S103 deducts the estimated value TranCep (K) of described transmission channel logarithm cepstrum with the logarithm cepstrum Sc (K) of described observation voice, obtains the voice signal logarithm cepstrum Xc (K) of current not channel; The voice signal logarithm cepstrum Xc (K) of described not channel is the separating resulting of voice signal and channel disturbance.

Above-mentioned S101 has calculated Sc (K), and S102 has calculated the estimated value of Tc (K), according to formula (1.3), can obtain Xc (K).When voice signal process Channel Transmission, the voice signal logarithm cepstrum after the elimination channel disturbance is Xc (K).

In sum, extracting not, the computing method of the voice signal logarithm cepstrum Xc (K) of channel are summarized as follows:

Xc(K)＝Sc(K)-TranCep(K) (1.6)

TranCep(K) _j＝TranCep(K) _j-1(1-α ₁)+(Sc(K)-RefCep(K))α ₁ (1.5)

Wherein, TranCep (K) initial value is 0, and RefCep (K) draws by adding up in advance.

Said method can be eliminated the interference of transmission channel to voice signal, improves the ability of anti-transmission-channel interference in the speech recognition features leaching process, thereby improves discrimination.

Embodiment two:

The method of the foregoing description one has only considered to exist on the transmission channel situation (being voice segments) of voice signal, but for the situation that does not have voice signal on the transmission channel (being non-speech segment), then the evaluation method of transmission channel logarithm cepstrum can not adopt formula (1.5), and should adopt following formula:

TranCep(K) _j＝TranCep(K) _j-1(1-α ₂)+Sc(K)α ₂ (1.7)

Wherein, the estimated value of TranCep (K) expression transmission channel logarithm cepstrum, j is a frame number, α ₂Also be smoothing factor, but and α ₁The value difference.

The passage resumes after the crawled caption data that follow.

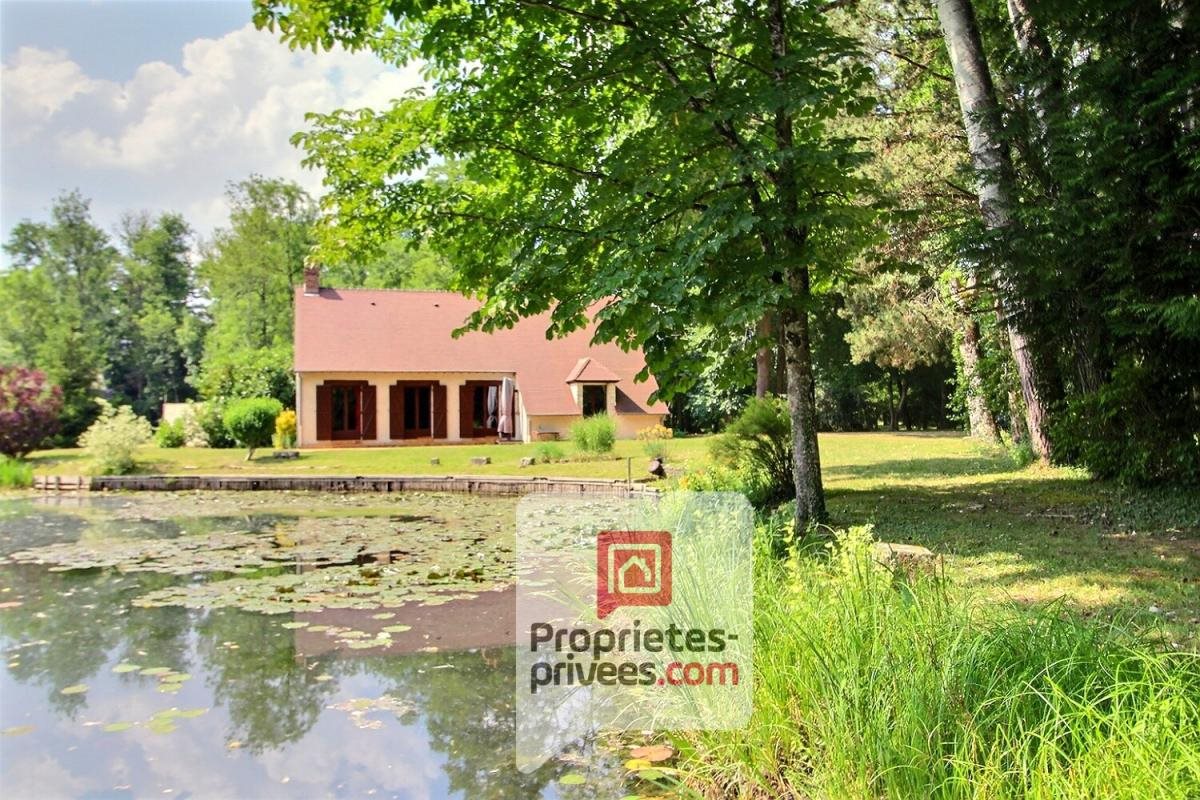 Maison à vendre, 115m², Montargis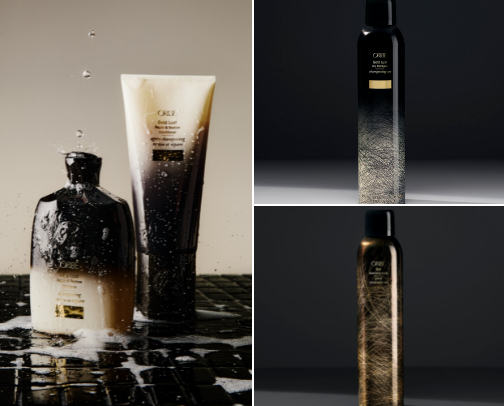 Best of Haircare cover photo collage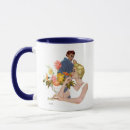 Search for post production mugs Lady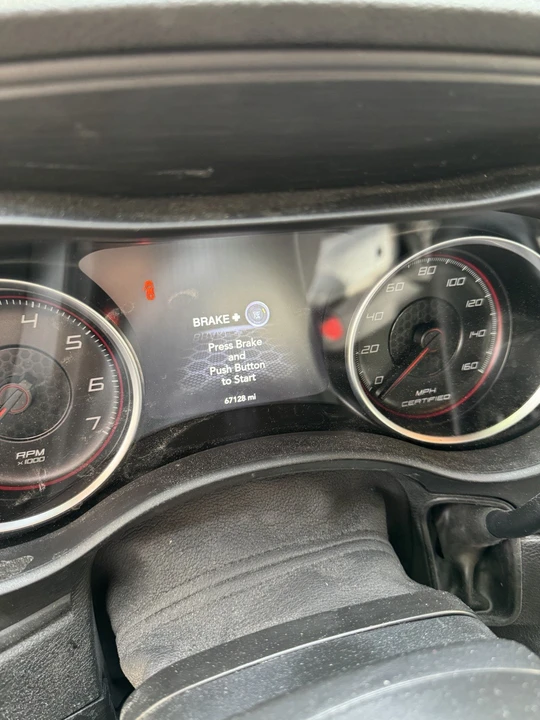 2022 Dodge Charger 7th Gen - Image 13 of 16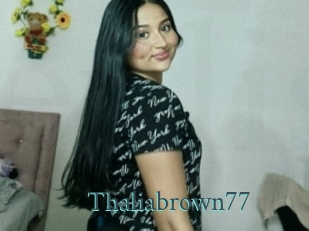 Thaliabrown77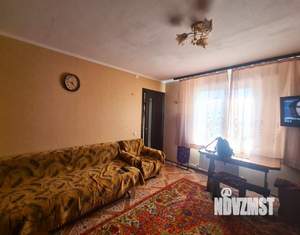 1-к квартира, вторичка, 29м2, 1/2 этаж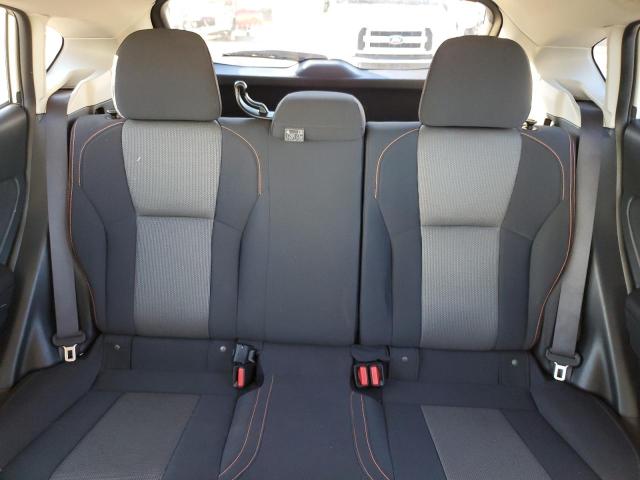 Photo 10 from auction – 2018 SUBARU CROSSTREK with VIN JF2GTADC0J8330595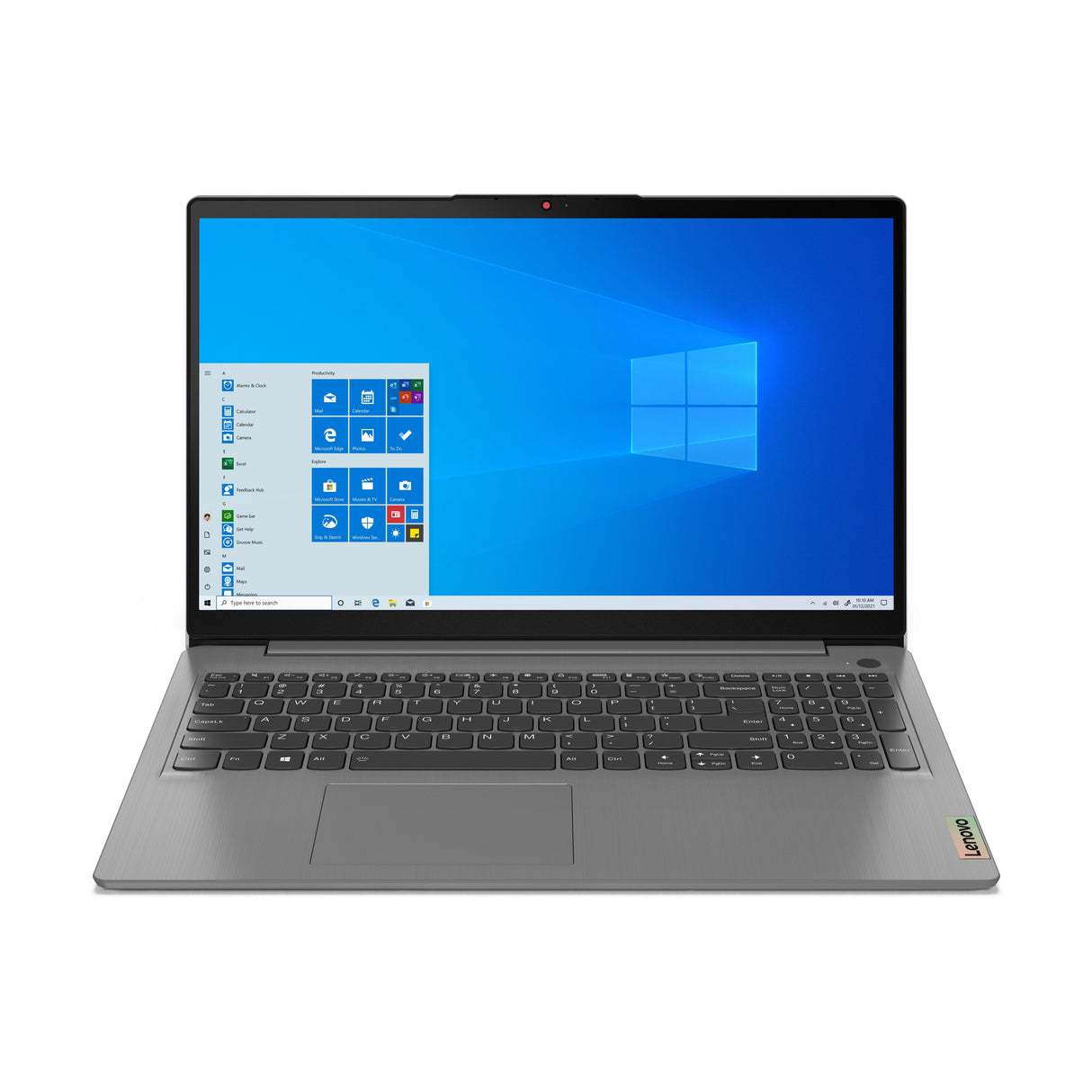 Portátil Lenovo Ideapad 3 15alc6 82ku022nsp Ryzen 5 5500u 16gb 512gb Ssd 15.6' Win11
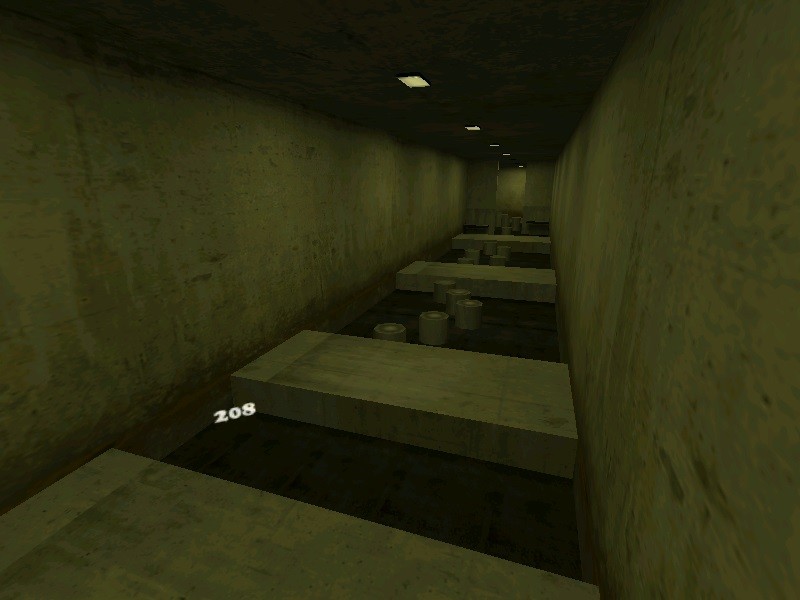 bhop_walls — скриншот 4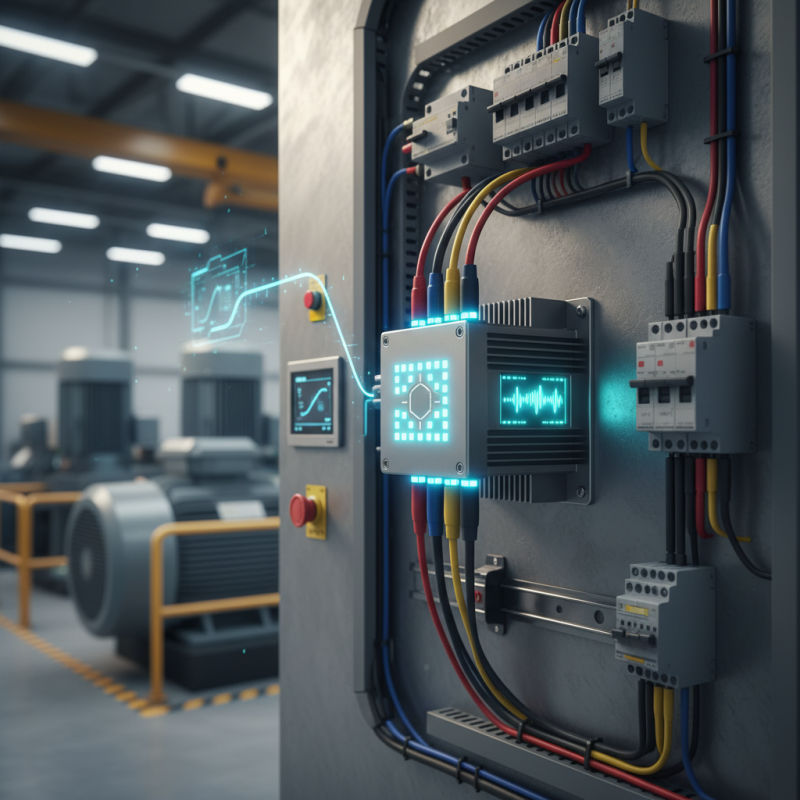 Top 10 Benefits of Using Intelligent Soft Starters?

In the prior art, the method of much writing to disturb is not all considered the processing of non-speech segment, for example frequency domain is based on LMS (Least Mean Square, lowest mean square) blind balance method and cepstrum domain are based on the blind balance method of LMS, these two kinds of methods all are a kind of blind balance methods, by the LMS algorithm, minimize the error of observation phonetic feature and reference voice feature, thereby obtain the balanced speech characteristic parameter of convergent.Described first method is at spectrum domain, and second method is at cepstrum domain, and the blind equalization of doing based on LMS at cepstrum domain can be so that calculated amount be littler, the convergence better effects if.But in non-speech segment, blind equalization algorithm may bring wrong convergence, thereby influences the extraction of speech recognition features.At this problem, present embodiment can carry out different disposal to voice segments and non-speech segment, promptly adopt the estimation equation of different transmission channel logarithm cepstrums respectively, thereby estimate the transmission channel logarithm cepstrum of non-speech segment more accurately, further improve the ability of anti-channel disturbance.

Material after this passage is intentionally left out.